WORKERS sacked by Mitie after organising a union defied the multi-million pound cleaning privateer again yesterday by demonstrating in the City of London.



The cleaners have now been protesting for three months – in defiance of legal threats from Mitie - in a determined effort to win their jobs back.

With the help of a megaphone kindly donated by a branch of Unite, they begin their protest.

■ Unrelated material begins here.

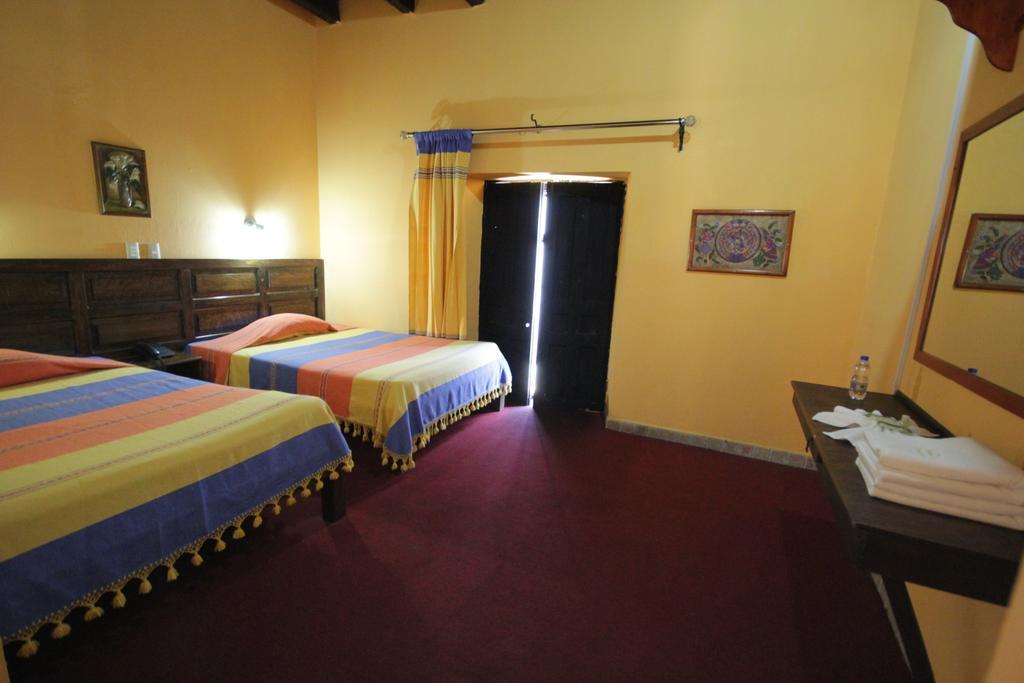 Hotel Plaza Santo Domingo San Cristóbal de Las Casas Δωμάτιο φωτογραφία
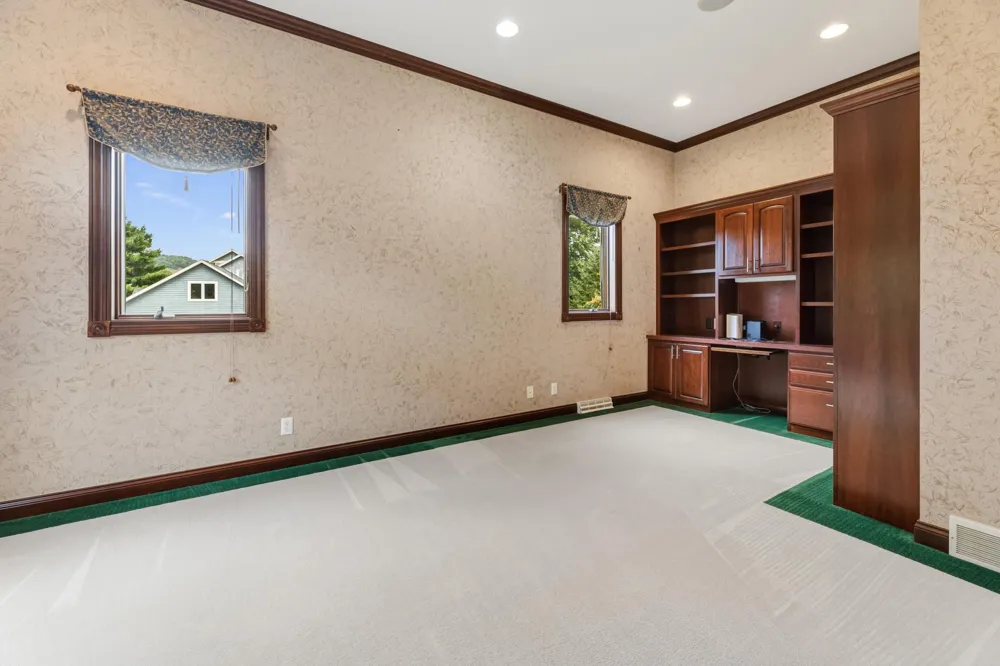 801 Spring Brook Drive Winona, MN 55987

The cleaners and their supporters don flourescent vests, blow whistles and shout slogans demanding the reinstatement of the unfairly sacked cleaners.

The cleaners, who are all migrant workers from Latin America and Africa, organised their workplace through Unite's Justice for Cleaners campaign, eventually winning a pay rise that increased their poverty wages close to the London living wage of £7.45 an hour.

But in a move that the workers' shop steward Edwin Pazmino described as all too common, the privateer - which raked in almost £70 million profits last year - attacked the newly organised workers by changing their shifts in retaliation.

"Mitie demanded that instead of working a part-time evening shift, we must work a full-time night shift," he explained.

"But this was impossible for those who have children - some of us refused and the company sacked us."

The cleaners have been deluged with solidarity from London's Latin American community, with interviews on Spanish language radio stations highlighting their fight as an example of how bosses are exploiting migrant workers.

Last Saturday Mr Pazmino spoke to a packed public meeting of the Coordinadora Latinoamericana, an alliance of various Latin American community and solidarity campaigns including the Latin American Workers Association. The subject was 'Amnesty for some or Papers for all' and sought to mobilise for the May 4 migrants march in London on a non-exclusionary platform. The meeting heard how immigration controls are used to attack workers attempts to organise..

Mr Pazmino says that the workers have been encouraged by their union's apparent pledge to now take up their case.

"Unite says that it wants to support us, but it is tied by the agreement it signed in exchange for recognition with Mitie, pledging not to go to the streets to protest when there is a problem," he said.

But he points to Unite's support for the Visteon workers, who recently occupied their factories in protest at mass sackings, to suggest that the union should not be concerned about offending the bosses.

"What the Visteon workers are doing is right - this is a good way to fight," Mr Pazmino insists.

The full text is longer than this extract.